Shocked but intrigued, I searched Google to find out more.

According to the Guardian, the publisher, Hodder, announced in 2010 “that it was ‘sensitively and carefully’ revising Blyton’s text after research with children and parents showed that the author’s old-fashioned language and dated expressions were preventing young readers from enjoying the stories.”

Hodder assured the public that the stories would remain unchanged and only the language would be modernised. “The intention is to make the text ‘timeless’ rather than 21st century, with no modern slang – or references to mobile phones – introduced.”

I can see the justification for removing words that have come to mean something other than what they originally did, particularly if they have evolved into terms of abuse or ridicule. Tony Summerfield, who runs the Enid Blyton Society, told the Guardian that we should change “language which has perhaps become offensive or has different meanings, or any racist references”.  So, I can stomach that the Famous Five no longer have “gay days” and tricky situations no longer elicit a “How queer”.

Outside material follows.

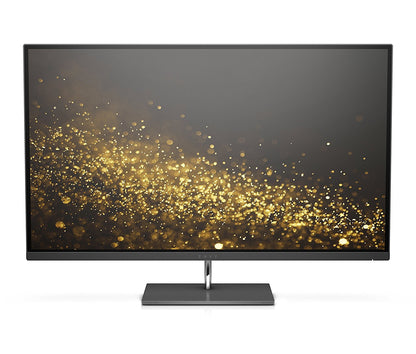 HP Envy 27-Inch UHD 4K IPS Monitor  (Black)-  used Grade B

But is it necessary to sanitise language to such an extent that our kids need not learn that certain teachers were called housemistresses? The rewriting of the Famous Five also involves replacing the word “peculiar” with “very strange”. Why? Are we worried our kids won’t understand the longer word? If so, I think we underestimate them. Surely we want our children to understand the origin and evolution of that ever-changing construct we call language? And to have a sense of the past while living in the present?

The fan site enidblyton.net points out that all references to corporal punishment in Enid Blyton’s Enchanted Wood/Faraway Tree series punishment have been changed to reprimands.

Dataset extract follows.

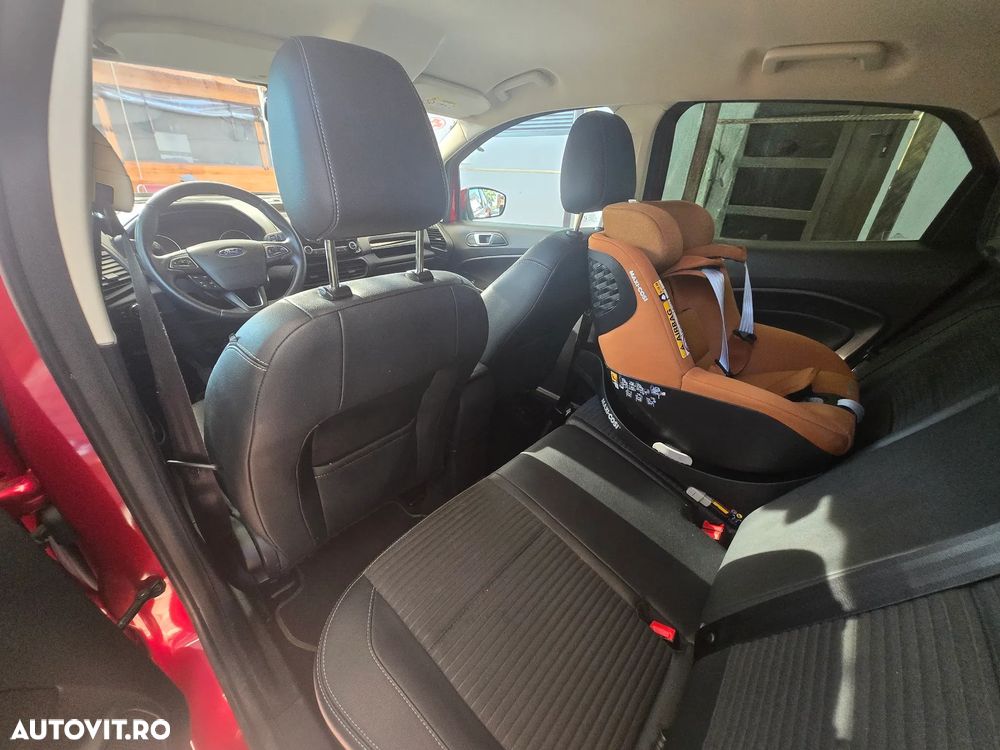 Ford EcoSport 1.0 EcoBoost Titanium - 10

Who are we trying to protect? Corporal punishment was an acceptable form of discipline until fairly recently. I have vivid memories of friends returning to class unable to sit down after a visit to the principal’s office. What is wrong with our children knowing this? It provides a good basis for a discussion about children’s rights and what is considered acceptable today.

(Incidentally, the fan site also notes that in some Blyton revisions black villains are now “ordinary white men”. Perhaps the fan site itself needs a bit of a rewrite.)

Not content with simply updating the language, the characters in the Faraway Tree series have also been given a makeover. Modern reprints have characters named Joe, Beth and Frannie. But my companions in the Enchanted Wood were Jo, Bessie and Fanny.

Wikipedia offers the following explanations for these changes –

  • Joe is the more commonly used spelling for males;
  • Bessie is now a less common nickname for Elizabeth than Beth;
  • Fanny is slang for vagina in several English speaking countries;
  • Similarly, cousin Dick is now Rick as the former is now slang for penis;
  • Dame Slap is now Dame Snap as her punishment of choice has graduated from slapping to snapping.

I’m not convinced. Those of you who read my previous column on names and our emotional attachment to them will have guessed that these gratuitous rewrites anger me.

What’s in a name? Go on, ask the many Dicks and Fannies who are insulted by this unnecessary change.